A while back I read Why are there so many Pythons?, which in passing talks about the Python's internal use of bytecode and says:

In very brief terms: machine code is much faster, but bytecode is more portable and secure.

If you replace 'is' with 'can be', this is true. But it's not the reason that the main implementation of Python (hereafter 'CPython') uses bytecode. One clue that this isn't the case is that the .pyc files of bytecodes are not all that portable; they can differ between Python versions and possibly even different types of machines with the same version of CPython.

Put simply, CPython almost certainly uses bytecode because creating and then interpreting bytecode is a common implementation technique for writing reasonably complex interpreters. All interpreters need to parse their source language and then interpret (and execute) something, but it's often simpler (and faster) to transform the initial source language into some simpler format before interpreting it. A common 'simpler format' is some form of abstract bytecode, often extremely specialized to the language being interpreted and also how data is stored inside the interpreter.

(On modern CPUs, another advantage of transforming things from an abstract syntax tree of the parsed code to bytecode is that the bytecode can be made linear in memory and thus more cache friendly. Modern CPUs really don't like bouncing around all over to follow pointers; the less you do it the better.)

CPython's bytecode is just this sort of abstract bytecode. In theory you could describe it as a simple stack machine, but in practice the stack is only used for storing temporary values while computing expressions and so on. Actual Python variables and so on are accessed through a whole series of specialized bytecode instructions. The bytecode also has special instructions for things like creating instances of standard types like lists and dealing with iterators, none of which can be described as either general-purpose outside of Python or anything like a real computer.

(And sometimes the exact details of this bytecode matter.)

As for security, Python bytecode is not necessarily all that secure by itself. While it doesn't allow you to perform random machine operations, I wouldn't be surprised if hand-generating crazy instruction sequences could do things like crash CPython (in fact, I'm pretty confidant that doing this is relatively trivial) and lead to arbitrary code execution. The CPython bytecode interpreter is not intended as a general interpreter but instead as an interpreter for bytecode generated by CPython itself, which is guaranteed to obey the rules and not do things like attempt to get or set nonexistent function local variables.

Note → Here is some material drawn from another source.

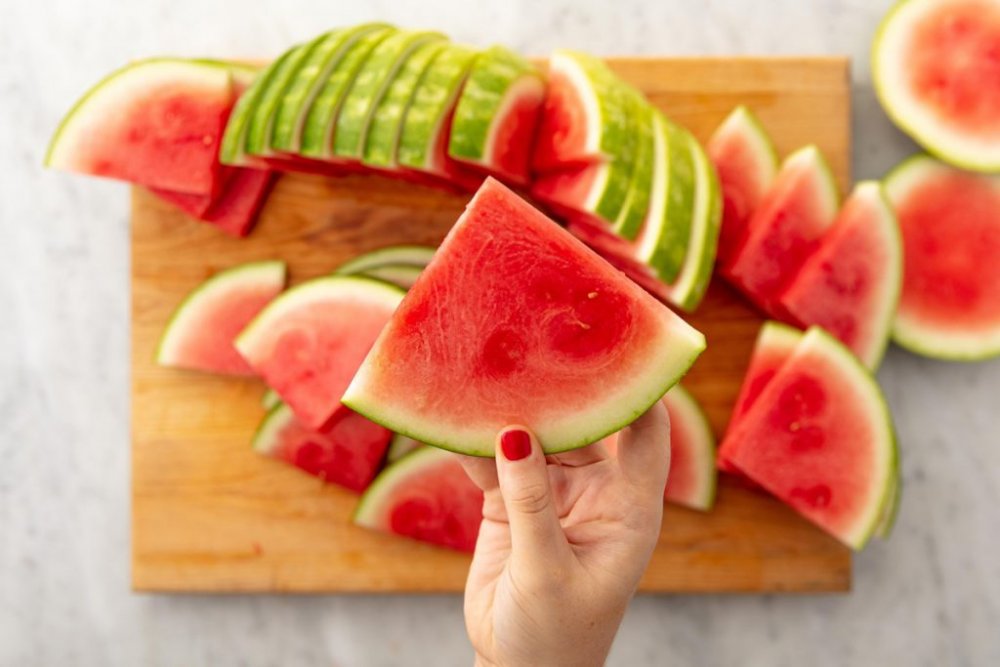 تناول الاطعمة الغنية بالماء مثل البطيخ لضمان رطوبة الجسم في رمضان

Or to put it directly: it is not safe at all to have CPython run untrusted bytecode, even in a theoretically relatively captive environment. This is completely independent of what access the bytecode might have (or be able to contrive) to standard library functions like file and network access. Untrusted bytecode doesn't need access to stuff like that to wreak havoc.

(I can't be absolutely sure that this is why CPython uses bytecode because I haven't asked the Python developers about it, but I would be truly surprised if it was any other reason. Compiling to bytecode and interpreting the bytecode is a classic and standard interpreter implementation technique and CPython itself is a pretty classic implementation of it.)